A presença comum de uma extensa variedade de medicamentos no Brasil favorece o surgimento de problemas relacionados a estes produtos, que representam um desafio à saúde pública tanto em países em desenvolvimento como em países desenvolvidos.

Segundo diversos autores, os medicamentos ocupam o primeiro lugar nos acidentes resultantes da exposição a agentes tóxicos 2,3,4,5. Em 2002, foram responsáveis pela ocorrência de 26,9% das intoxicações registradas pela rede nacional brasileira de centros de controle de intoxicações 6. Segundo o mesmo levantamento, as intoxicações medicamentosas mais freqüentes decorreram de acidentes individuais e tentativas de suicídio.

A manutenção de índices elevados de intoxicações medicamentosas no Brasil é caracterizada por fatores importantes. Um deles é a existência de uma frágil política nacional de medicamentos, marcada por diversas formas de resistência ao uso racional de produtos da indústria farmacêutica, tais como a existência de uma imensa variedade de fármacos de segurança e eficácia duvidosas e ausência de iniciativas para formação de profissionais de saúde capazes de orientar adequadamente sobre o uso correto de medicamentos 7,8. Técnicas de marketing que atraem prescritores e usuários de medicamentos também favorecem a utilização inadequada desses produtos por uma parcela considerável da população.

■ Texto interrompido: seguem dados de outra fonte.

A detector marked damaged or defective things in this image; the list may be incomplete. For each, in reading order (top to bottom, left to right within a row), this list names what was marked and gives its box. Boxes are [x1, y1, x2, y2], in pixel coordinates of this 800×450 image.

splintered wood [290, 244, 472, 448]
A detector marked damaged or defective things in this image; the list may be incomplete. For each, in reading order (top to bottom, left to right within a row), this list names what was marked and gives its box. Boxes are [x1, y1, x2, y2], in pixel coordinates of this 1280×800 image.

A utilização abusiva de embalagens atraentes, medicamentos coloridos e adocicados, com sabor de frutas e formato de bichinhos, colabora ainda mais para o aumento das intoxicações acidentais em crianças 9.

O uso desnecessário de fármacos prescritos, ou não prescritos, também é um fator de importância significativa que aumenta o risco de intoxicações 10. Torna-se evidente que os riscos estão correlacionados ao nível de informação sobre medicamentos, tanto de usuários como também de prescritores e dispensadores 11. A oferta de medicamentos, a venda pelo telefone e até mesmo pela internet, contribui para a má qualidade da informação sobre medicamentos 11,12.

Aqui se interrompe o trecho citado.